One government elected by the people. One person one vote

No to Co-governance, No to ethnic privilege. Yes to democracy and power by the people. 

New Conservative rejects separatist policies.

Labour and Te Pati Maori have been pushing separatist policies which would divest New Zealanders of their democratic rights. New Conservative firmly opposes such policies.

Nobody could have failed to notice that during the last two terms of the Labour government that there has been a concerted push to foist Maori language and names upon just about every aspect of our daily lives. From media greetings and renaming our cities and towns, to the replacing of the names of virtually all our Government departments and on


New Conservative believe that this renaming policy is simply a foreshadowing of what the elite Maori in caucus and in the Te Pati Maori Party want to achieve not just in nomenclature but in terms of governmental control. New Conservative believes we must oppose the push for Co-governance and Maori sovereignty if we are to ensure our country remains a democracy run on the principle of one person one vote. We oppose state-sanctioned apartheid where one ‘ethnic group’ has more than one vote per person.

Recently Willie Jackson made the statement that, “Te Pati Maori want to own everything, they want to own the water and they want their own government”. 

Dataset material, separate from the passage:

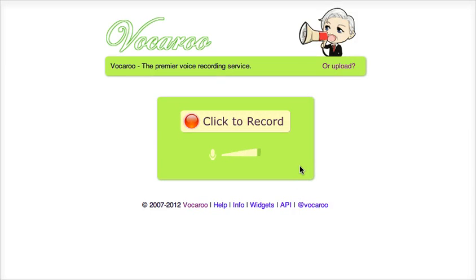Hello, this is a screencast in which I will instruct you how to record your voice with Vukaru.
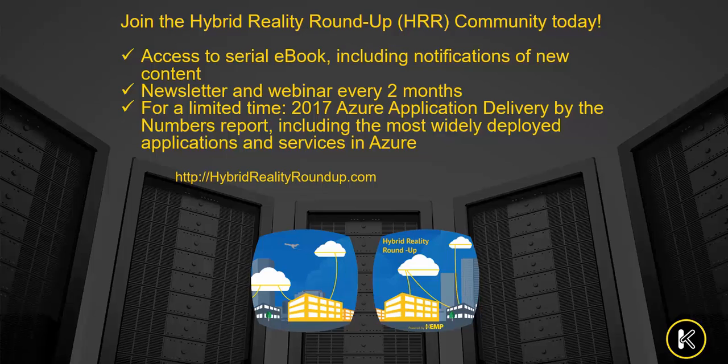We look forward to your valuable participation in the Hybrid Reality Roundup community, and thanks for watching. We'll see you next time.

The Treaty of Waitangi has been interpreted in many ways since it was signed and the question needs to be asked as to how did we go from there, where in the first article of Te tiriti (The Treaty of Waitangi), Maori text; the Chiefs gave the Queen "te Kawanatanga katoa", the governance or government over the land. In the English text, the chiefs gave the Queen " all the rights and powers of sovereignty" over the land and all the people in it, to where we are today?

What we can do is be guided by those voices like Sir Apirana Ngata in his 'The Treaty of Waitangi, An Explanation ' Apirana states that there were many divisions between the sub-tribes each under their own chief. Because there was no united authority or government and all tribes, similar to the present, have different ways of governance and Ti kanga it would be impossible for any Maori government to be able to govern all the various Maori Territories as one group of Maori. We are all, Maori and non-Maori, one people as New Zealanders. 

And his final comment to those who questioned the treaty: “If you think these things are wrong and bad then blame our ancestors who gave away their rights in the days when they were powerful”.

New Conservative believe that Labour has used Three Waters as a Trojan horse. It has sneakily tried to endorse its policies of Co-Governance on the back of Three Waters. Not everyone in this country has seen through this ruse.

National says, no one owns water, Labour says, everyone owns water, I say no one owns water but we all have individual rights to water. No one has the right to own it. Control is another matter.

It is clear that New Zealand has problems with its water infrastructure. Some councils have managed their use of water well, but others have done so very poorly. Nobody would argue that we need to spend money updating and managing our water structures. However, to suggest that this should be best done by centralising our water management structure into a massive bureaucracy dominated by a small number of Maori elitist is the antithesis of the localism New Conservative seeks to achieve and is central to its policies.

 One only needs to look at the fiasco that the amalgamation of our Polytechnics has become to realize the dangers inherent in communistic type centralisation of public assets and infrastructure. Chris Hipkins was told very clearly by education chiefs like Phil Ker the former CEO of the Otago Polytechnic that his Te Pukenga concept was a solution to a problem that simply did not exist.  Millions have now been wasted on this education behemoth which is now floundering without real direction and beset with problems. 

New Conservative oppose Labour's Three Waters for the same reasons. We believe that as far as is possible, control of our local water infrastructure should be kept in local hands. That is not to say that there should not be some oversight and guidance from the government, but amalgamating the resources of over 120 NZ councils into four controlling water authorities is not going to solve the water problem. Rather it will birth a burgeoning bureaucracy populated by officials and dominated by ethnic self-interest, far removed from the real on-the-ground problems and local communities.

 New Conservative recognise that we need to update our water infrastructure but this does not mean the problem can or should be solved by re-framing our entire understanding and management of water by handing it over to government bureaucrats.